Der Portugiese provozierte die Liverpool-Fans nach Chelseas 3:2-Sieg in der Verlängerung mit einer «Seid still»-Geste und legte dazu seinen Arm tröstend um Steven Gerrard. Auch das war ein Affront: Chelsea hatte sich im Sommer zuvor stark um den Transfer des Liverpool-Captains bemüht. Im Nordwesten des Landes wurde gemunkelt, dass Gerrard sich schon für einen Wechsel entschieden hatte, aber nach Drohungen gegen sich und seine Familie einen Rückzieher machte.

Mourinho war damit der Buhmann bei den Reds. Zwei Monate später knallte es das nächste Mal: Liverpool und Chelsea bestritten den Halbfinal der Champions League. Nach dem 0:0 im Hinspiel an der Fulham Road lästerte Benítez, dass die Fans an der Anfield Road im Gegensatz zu denen von Chelsea gewiss keine «Plastikfahnen» brauchen würden, um ihre Mannschaft zu motivieren. Diesen Satz haben ihm die Anhänger der Blues nie verziehen.

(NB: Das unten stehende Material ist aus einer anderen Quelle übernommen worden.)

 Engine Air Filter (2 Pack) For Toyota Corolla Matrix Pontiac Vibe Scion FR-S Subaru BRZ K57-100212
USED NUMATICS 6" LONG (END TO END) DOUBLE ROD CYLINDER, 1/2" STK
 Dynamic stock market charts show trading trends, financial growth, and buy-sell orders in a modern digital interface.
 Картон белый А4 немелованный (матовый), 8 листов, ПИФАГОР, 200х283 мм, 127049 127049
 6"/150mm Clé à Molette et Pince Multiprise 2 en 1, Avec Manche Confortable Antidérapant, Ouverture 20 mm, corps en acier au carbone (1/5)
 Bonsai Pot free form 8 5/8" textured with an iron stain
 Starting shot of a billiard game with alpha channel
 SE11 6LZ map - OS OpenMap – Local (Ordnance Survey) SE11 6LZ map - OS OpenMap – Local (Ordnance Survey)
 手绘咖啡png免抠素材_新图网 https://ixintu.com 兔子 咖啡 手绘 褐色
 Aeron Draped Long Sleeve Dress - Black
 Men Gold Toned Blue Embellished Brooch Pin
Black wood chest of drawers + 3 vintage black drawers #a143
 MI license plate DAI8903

Der nächste Eklat – ein Phantomtor

Im Rückspiel siegte Liverpool dank eines äusserst kontroversen Treffers von Luis Garcia – «ein Phantomtor, der Ball war nicht über der Linie», fauchte Mourinho – und zog ins Endspiel von Istanbul ein. Dort gewann Benítez nach 0:3-Rückstand gegen den AC Milan im Elfmeterschiessen Liverpools ersten Europapokal seit 1984.

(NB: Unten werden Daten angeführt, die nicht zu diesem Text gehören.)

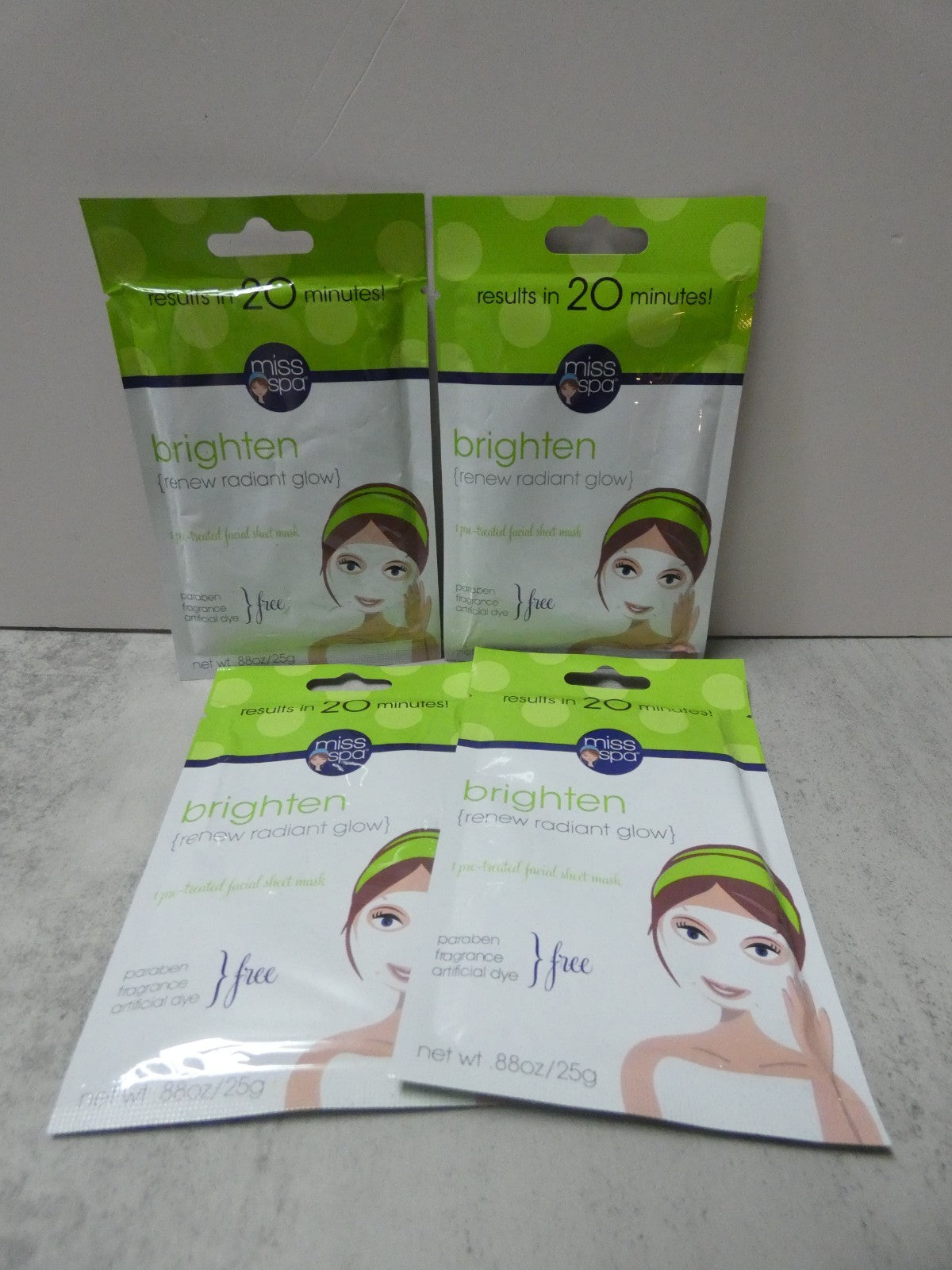 Brighten Renew Face Sheet Masks Set of 4 - 0.88 oz Each
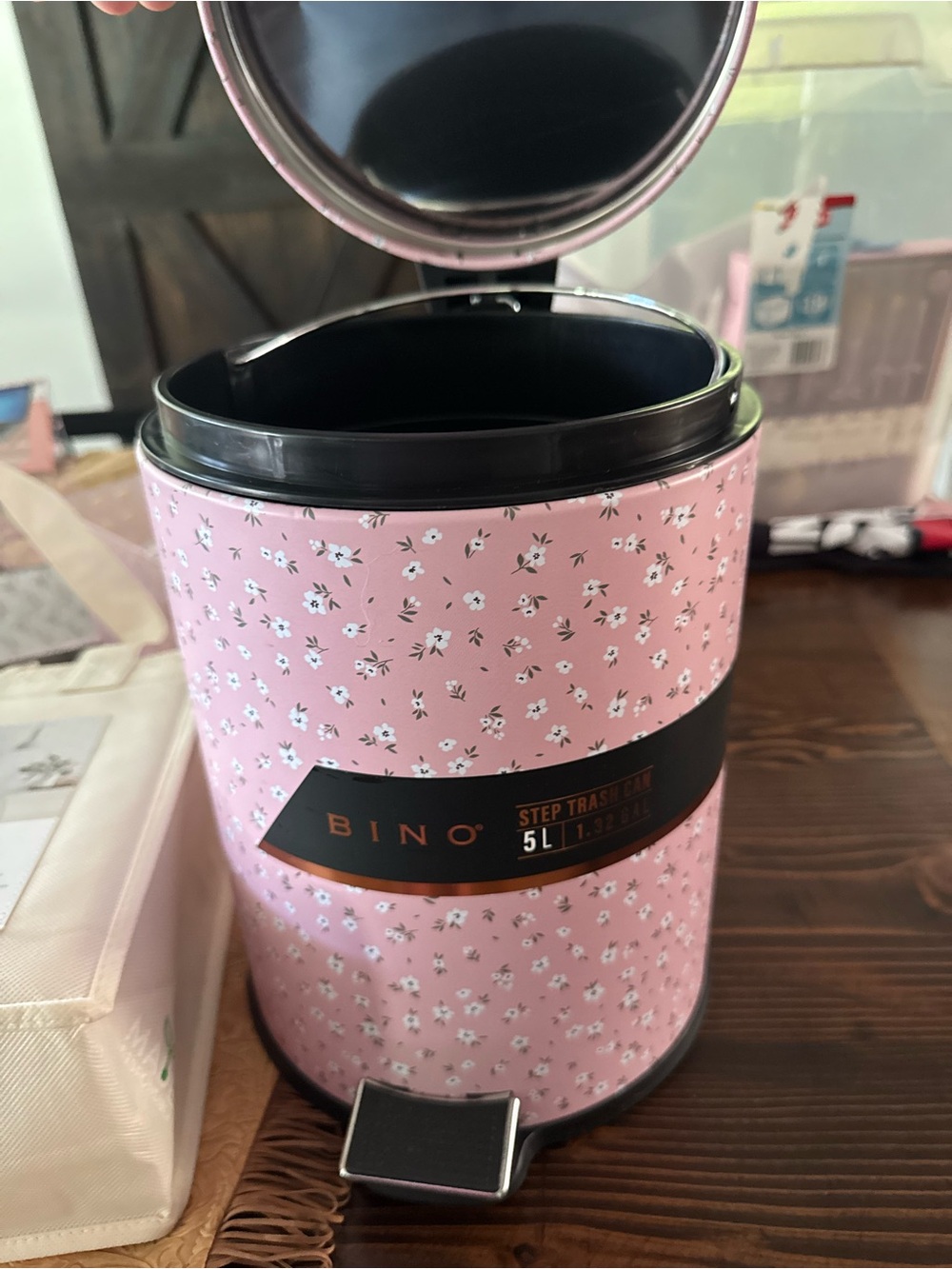 BINO Pink Floral Step Trash Can - Dorm Life 5L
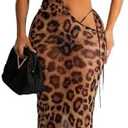 Ryehack Sexy 3 Piece Swimsuits for Women Bikini Sets and Cover Up Cutout Sleeveless Halter Sheer Mesh Maxi Dress Size M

Es folgte ein Halbfinal im FA-Pokal (2006) und noch ein Champions-League-Halbfinal (2007) – und Mourinho zog in beiden Fällen den Kürzeren. Bis zum Abschied des Portugiesen im September 2007 begegneten sich die Kontrahenten insgesamt 16 Mal. Unabhängig von den Resultaten verspotteten die Liverpooler das durch die Millionen von Roman Abramowitsch zum Spitzenverein aufgepumpte Chelsea dabei jedes Mal als Club «ohne Geschichte».

Benitez, der Verfolgte

Diese Rivalität verfolgt Benítez seit seiner Unterschrift in London im Februar unerbittlich. Ein 15-Jähriger Blogger aus Tschechien stellte einen alten Satz von Benítez ins Netz: «Aus Respekt für Liverpool würde ich nie zu Chelsea gehen». In West-London waren die Fans ausser sich. Später stellte sich heraus, dass der Teenager die Aussage frei erfunden hatte, doch da war Benítez‘ Ruf schon beschädigt.

In den vergangenen Woche haben die Animositäten dank der durchweg guten Ergebnisse ein wenig abgenommen, doch das macht die Rückkehr am Sonntag nicht weniger problematisch. Vielleicht hofft Benítez insgeheim auf ein Unentschieden.